### YOUR TASK
Repeat the whole listing word for word, skipping pictures.

### LISTED ENTRIES
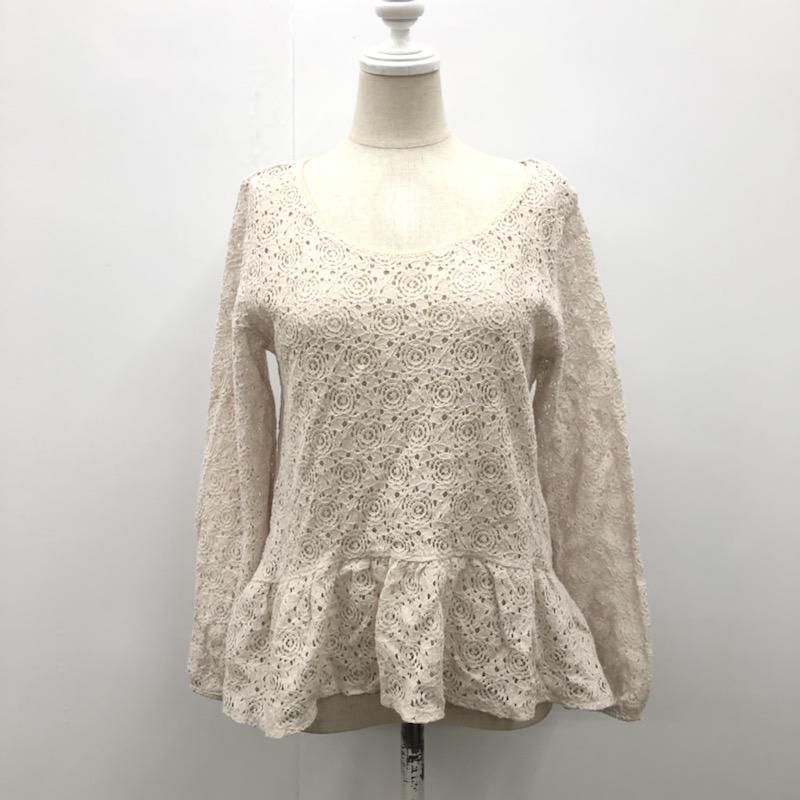 アパートバイローリーズ apart by lowrys カットソー 長袖 フラワーレース　ペプラムカットソー L レース柄 ベージュ / ベージュ /  レディース USED 古着 中古 10030927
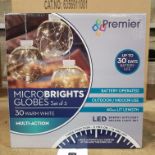 46 X BRAND NEW PREMIER BATTERY OPERATED INDOOR / OUTDOOR SET OF 3 MICROBRIGHTS GLOBES - 30 MULTI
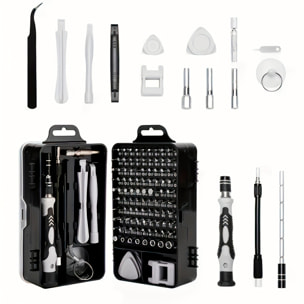 Kit de destornillador multifunción portátil 115 en 1 con eje flexible, barra de crecimiento, pinza y 98 puntas.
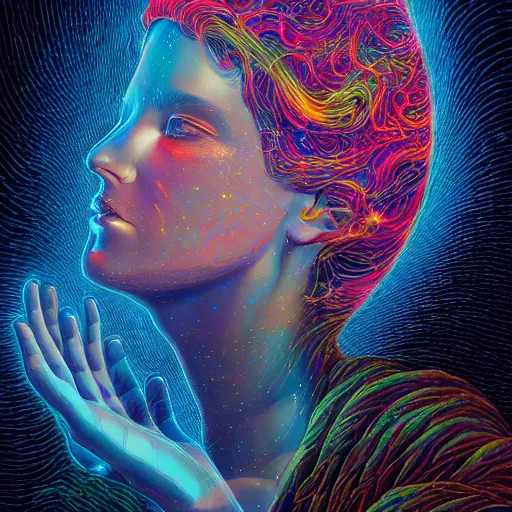 Image similar to beautiful portrait of elation, intelligence, spatial space deformation in latent space, math art, astral plane, key light, by artgerm and dan mumford and gustave dore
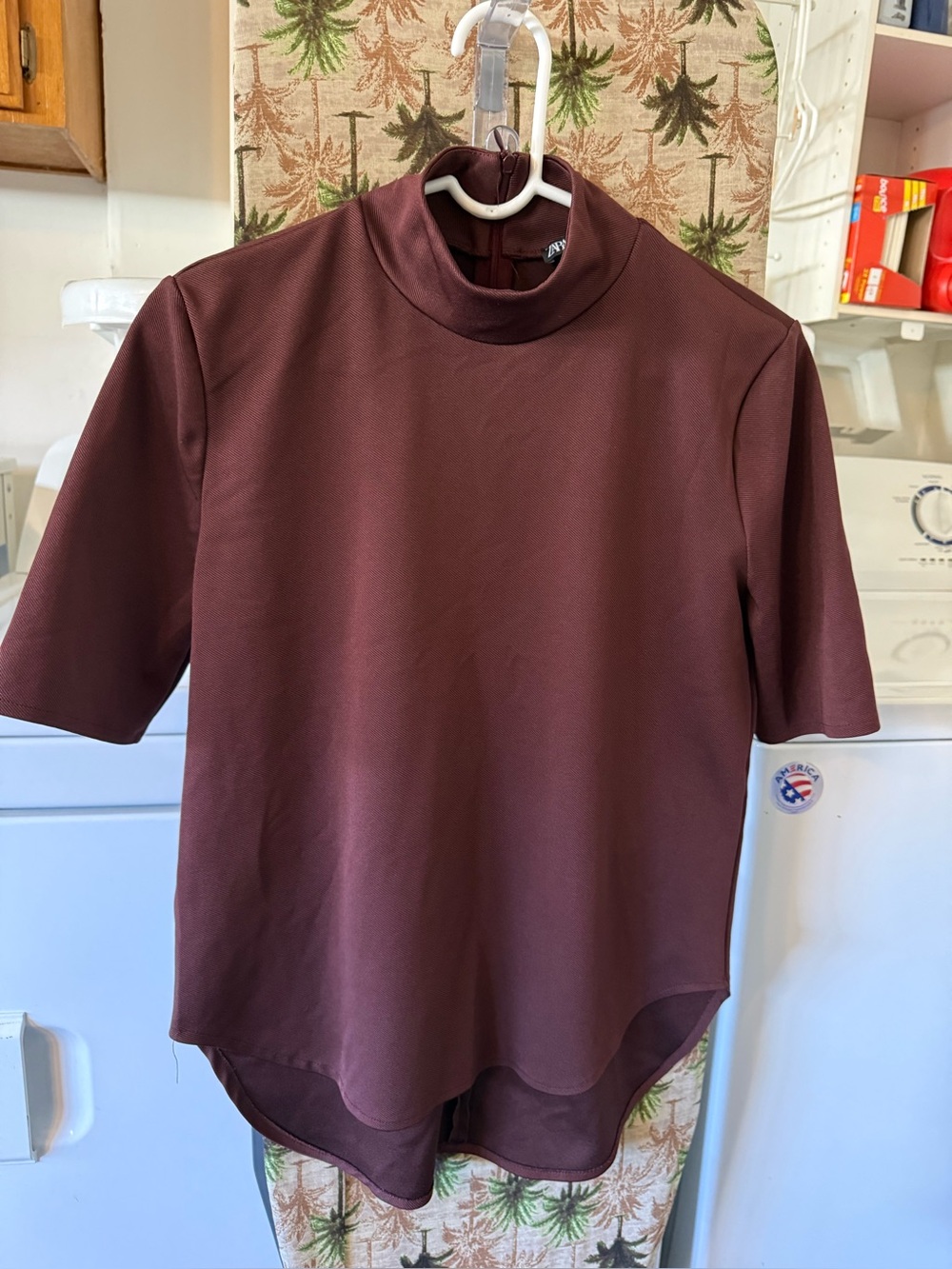 Zara Dark Brown closed Neck Short Sleeve Top relaxed fit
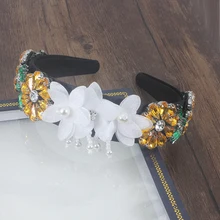 Элегантный европейский и американский стиль барокко большой желтый цветок Геометрическая повязка на голову Танцевальная Вечеринка Ретро корт мода шоу аксессуары для волос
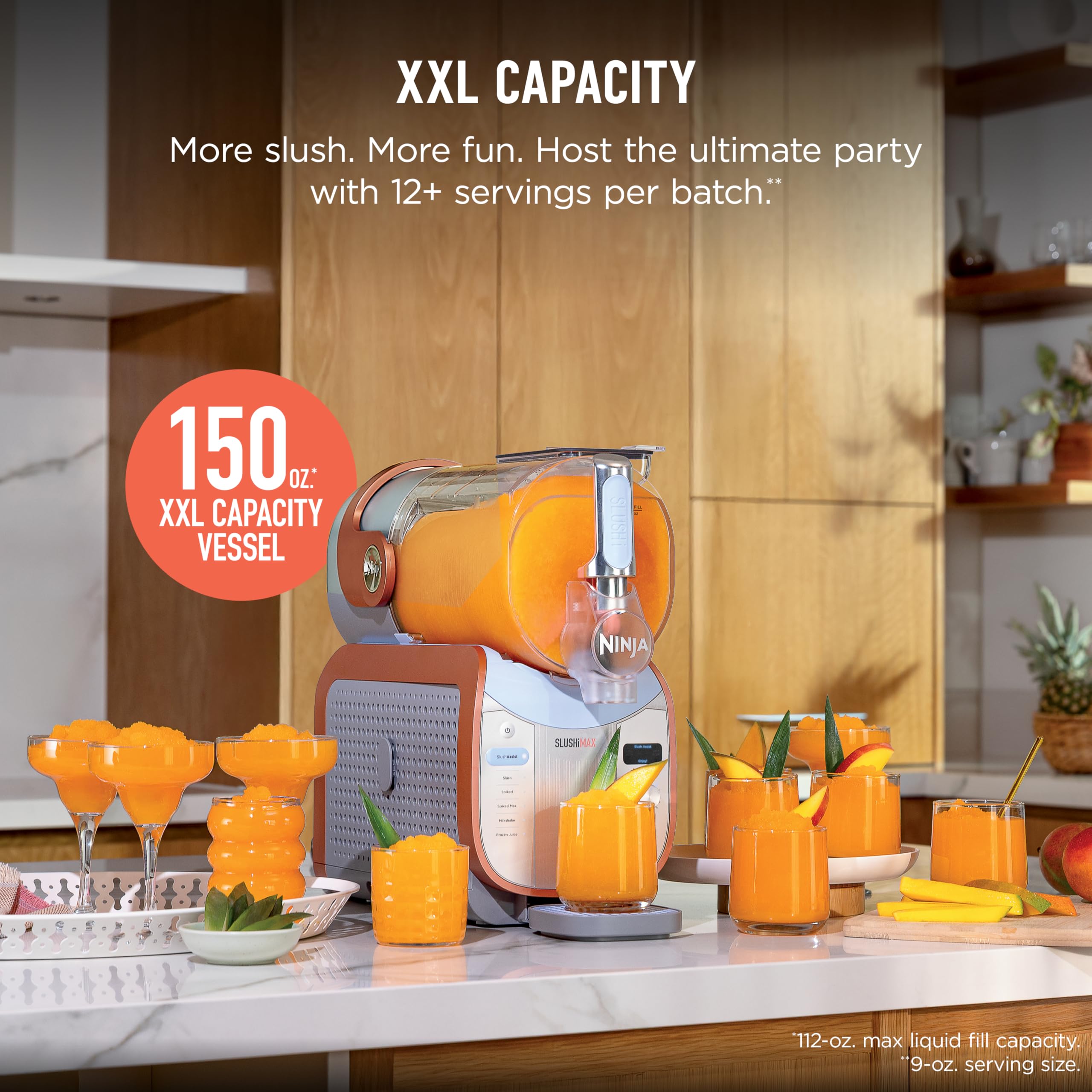 Ninja SLUSHi Max XXL Smart Frozen Drink Maker | Top Performance & Smart Technology, Party-Size 150oz Capacity, No Ice Needed, 6 Programs, Ideal Temp & Texture up to 12 hours | Peach FS605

### SOLUTION FOR THIS PROBLEM
 アパートバイローリーズ apart by lowrys カットソー 長袖 フラワーレース　ペプラムカットソー L レース柄 ベージュ / ベージュ /  レディース USED 古着 中古 10030927
 46 X BRAND NEW PREMIER BATTERY OPERATED INDOOR / OUTDOOR SET OF 3 MICROBRIGHTS GLOBES - 30 MULTI
 Kit de destornillador multifunción portátil 115 en 1 con eje flexible, barra de crecimiento, pinza y 98 puntas.
 Image similar to beautiful portrait of elation, intelligence, spatial space deformation in latent space, math art, astral plane, key light, by artgerm and dan mumford and gustave dore
 Zara Dark Brown closed Neck Short Sleeve Top relaxed fit
 Элегантный европейский и американский стиль барокко большой желтый цветок Геометрическая повязка на голову Танцевальная Вечеринка Ретро корт мода шоу аксессуары для волос
 Ninja SLUSHi Max XXL Smart Frozen Drink Maker | Top Performance & Smart Technology, Party-Size 150oz Capacity, No Ice Needed, 6 Programs, Ideal Temp & Texture up to 12 hours | Peach FS605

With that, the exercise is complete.